Rehabilitation Program for Hip & Tailbone Pain
1. Mobility Exercises
Hip circles: Gently rotate hips in circles, 10 reps each direction
Figure-4 stretch: Stretch piriformis and glutes, hold 20–30 seconds each side
Cat-cow stretch: Mobilize lower spine, 10 reps
2. Stability & Strengthening
Glute bridges: Strengthen glutes and core, 10–15 reps
Clamshells: Target gluteus medius, 10 reps each side
Bird-dog: Improve pelvic and spinal stability, 10 reps each side
Pelvic tilts: Activate deep core muscles, 10 reps
3. Adjunct Recovery Tools
Rest & activity modification – avoid aggravating positions
Ice or heat therapy – ice for acute inflammation, heat for stiffness
Topical salves or Biofreeze – temporary pain relief
Epsom salt baths – relax muscles and reduce tension
4. Lifestyle & Trigger Management
Take breaks from prolonged sitting; use cushions or ergonomic chairs
Posture awareness at desk or when lifting
Stress management techniques (meditation, deep breathing)
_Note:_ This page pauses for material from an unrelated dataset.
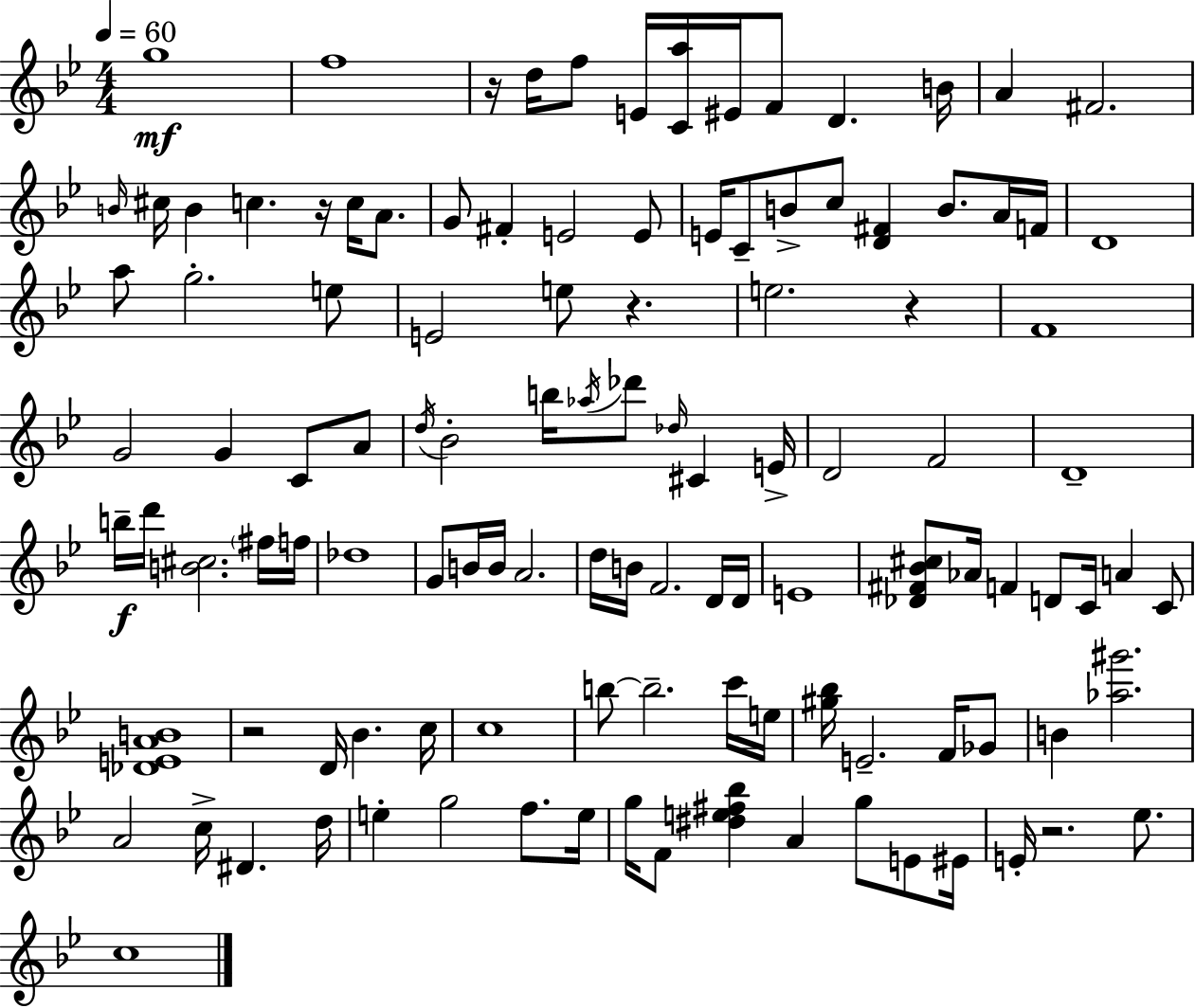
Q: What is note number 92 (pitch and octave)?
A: E5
Adequate hydration, sleep, and nutrition to support tissue repair
Red Flags – Seek Immediate Care
Severe tailbone or hip deformity after trauma
Sudden inability to stand or walk
Persistent tingling, numbness, or weakness in legs
Pain not improving with conservative care
These may indicate fracture, nerve compression, or joint dislocation.
Key Takeaways
Hip and tailbone pain involves muscles, ligaments, tendons, bones, and nerves.
Weak stabilizers, poor posture, and repetitive stress increase strain and nervous system sensitivity.
Chiropractic care restores joint motion, reduces nerve irritation, and improves muscular balance.
Rehabilitation exercises, adjunct therapies, and lifestyle changes prevent recurrence and restore comfort.